(Pictures with short captions)

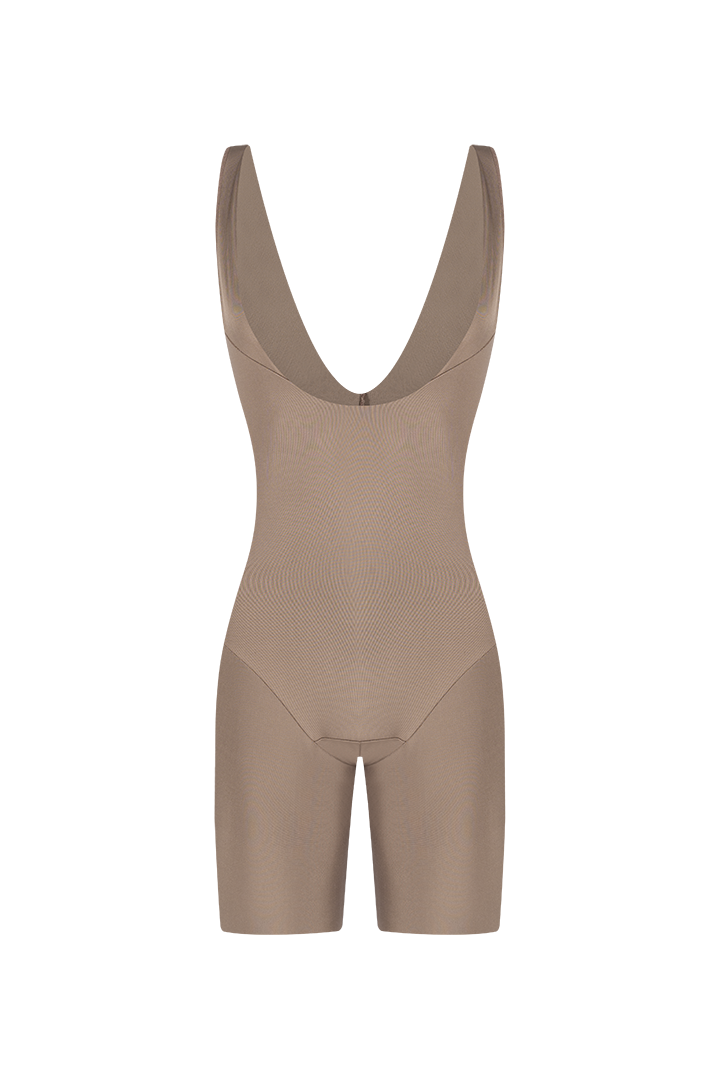 Faja moldeadora short corto senos libres SoftControl (DQ03L3)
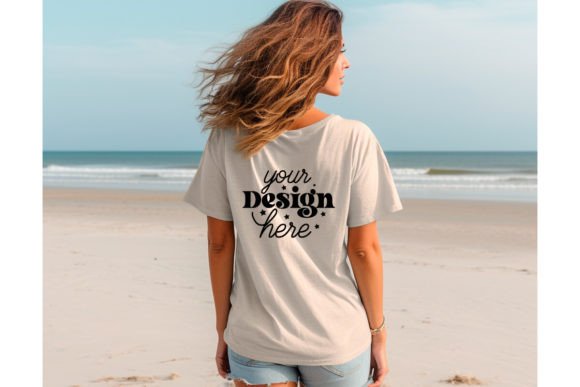 Essential T-Shirt Graphics for Bella Canvas Mockups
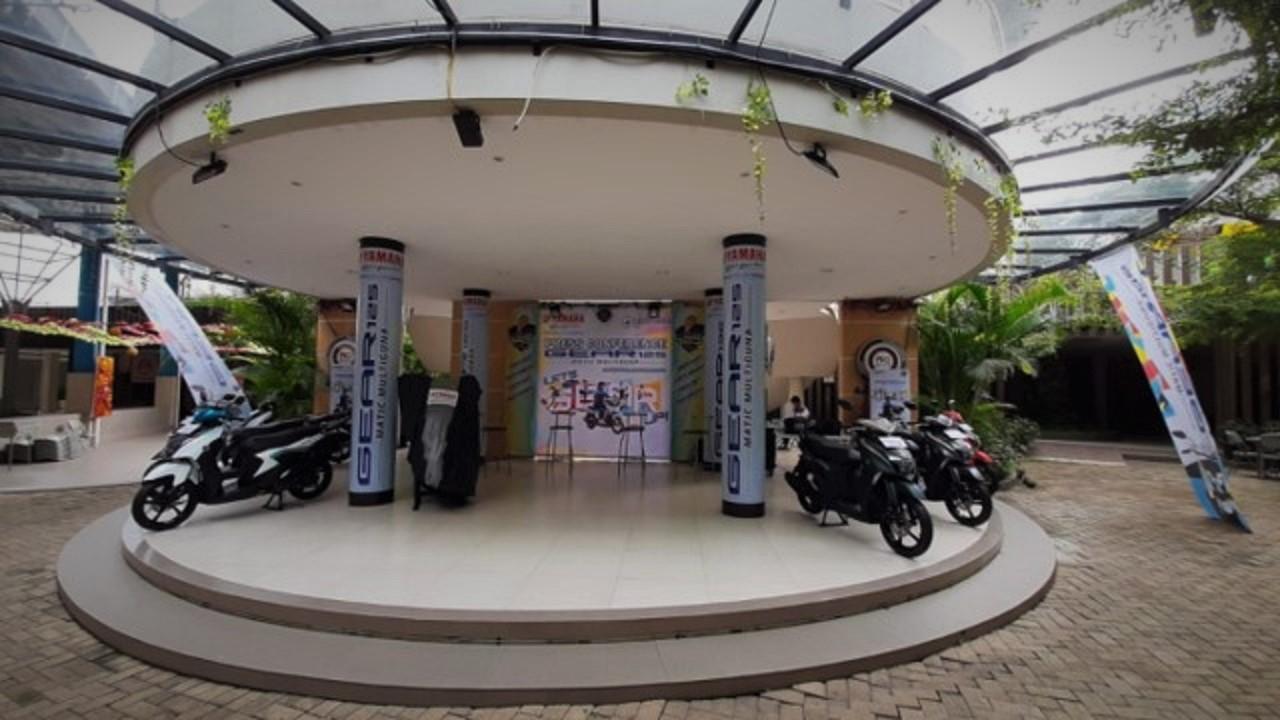 Penjualan dan Trabas Offroad Jadi Kegiatan Yamaha Lampung di Akhir Tahun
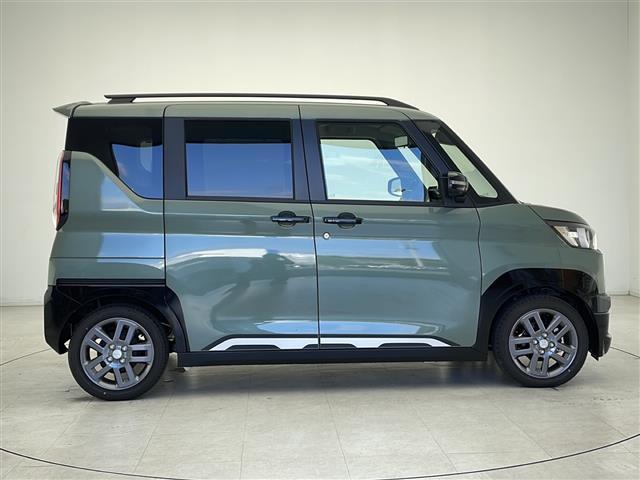 デリカミニ T プレミアム 横滑り防止 衝突軽減 カーテンエアバック Wサイドエアバック9型ディス/プレイオーディオBT/USBアイドリングストップ 純正アルミホイール 全方位カメラ ヒートステアリング サイドデカール(34枚目)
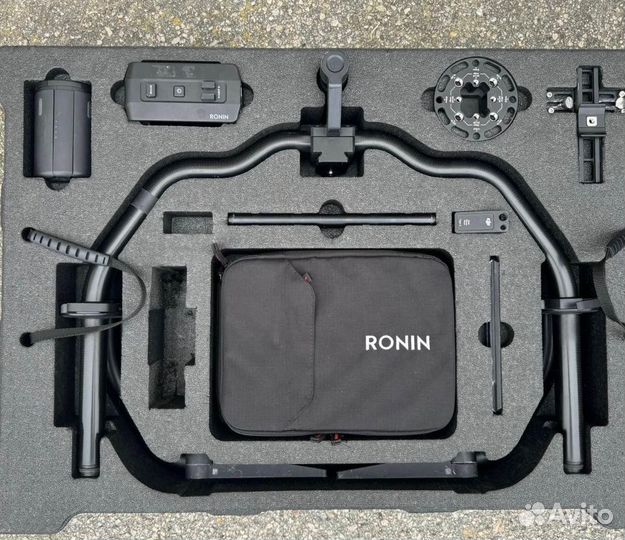 Подвес DJI Ronin 2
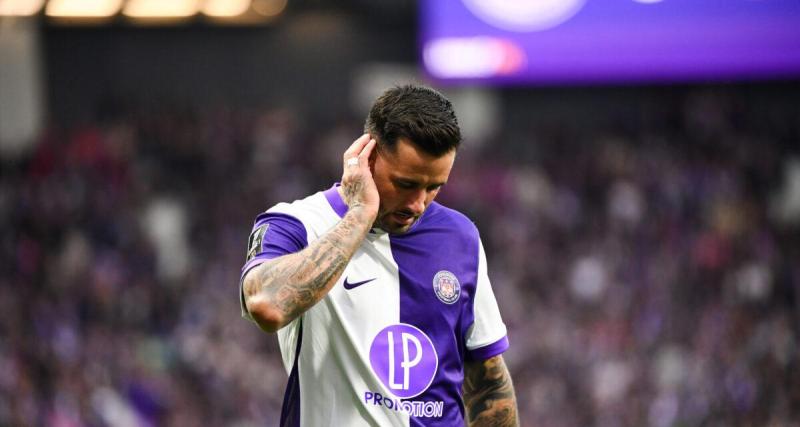  - Toulouse : "C’est une décision interne", un joueur écarté avant le Paris FC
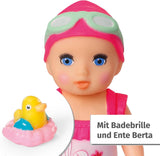 Set da gioco BABY Born Minis con la bambola Minis Amy e Duck, 906101 Zapf Creation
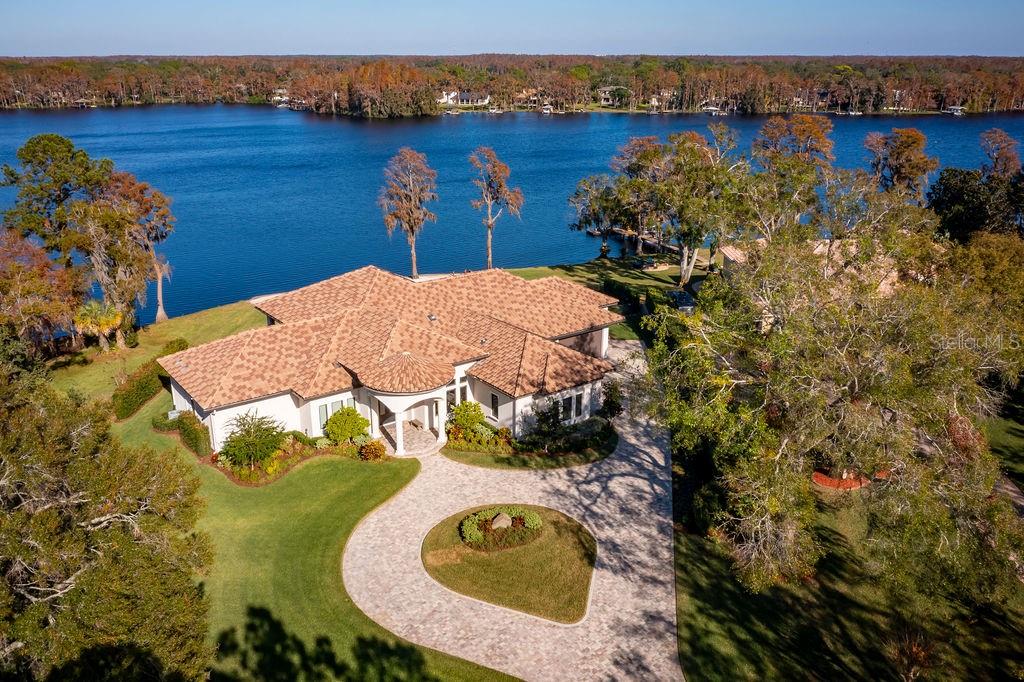 NORTHBRIDGE AT LAKE PRETTY - Residential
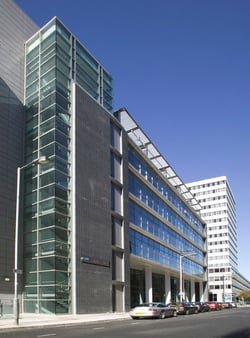 Cass Business School Bunhill Row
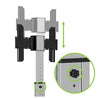 Supporto da Pavimento per TV da 32'' a 65''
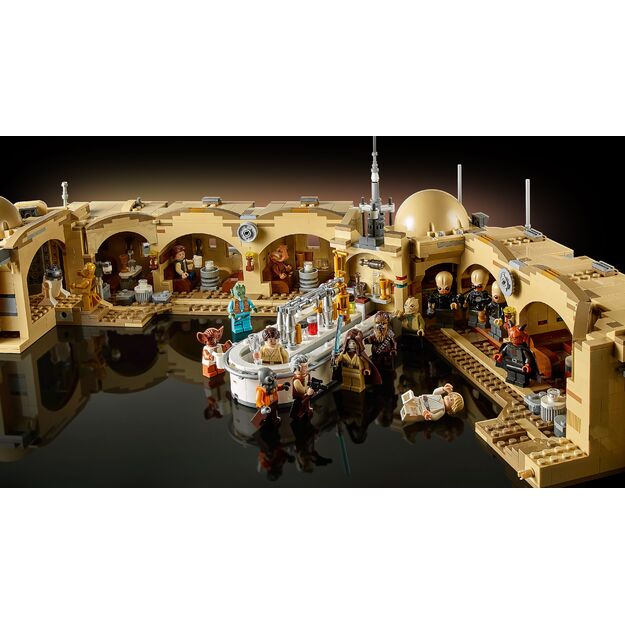 LEGO - Star Wars TM - Mos Eisley Cantina™ (75290)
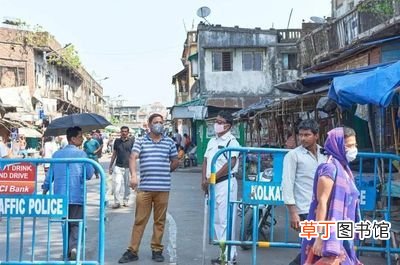 印度疫情或遍布全球 世卫称印度疫情向周边扩散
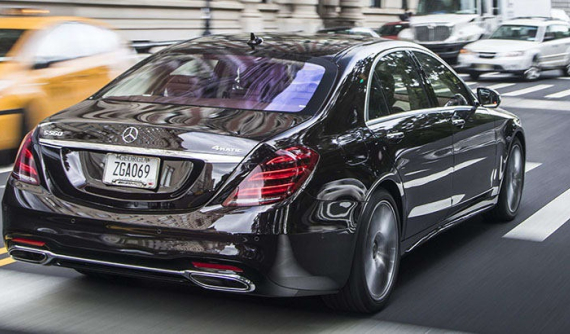 Giá xe Mercedes-Benz S-Class mới nhất tháng 5/2018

◆ Problem statement
The lines from the one holding "LEGO - Star" through the end of the entries are to be transcribed exactly, both ends included, with the pictures left out.

◆ Solution for this task
 LEGO - Star Wars TM - Mos Eisley Cantina™ (75290)
 印度疫情或遍布全球 世卫称印度疫情向周边扩散
 Giá xe Mercedes-Benz S-Class mới nhất tháng 5/2018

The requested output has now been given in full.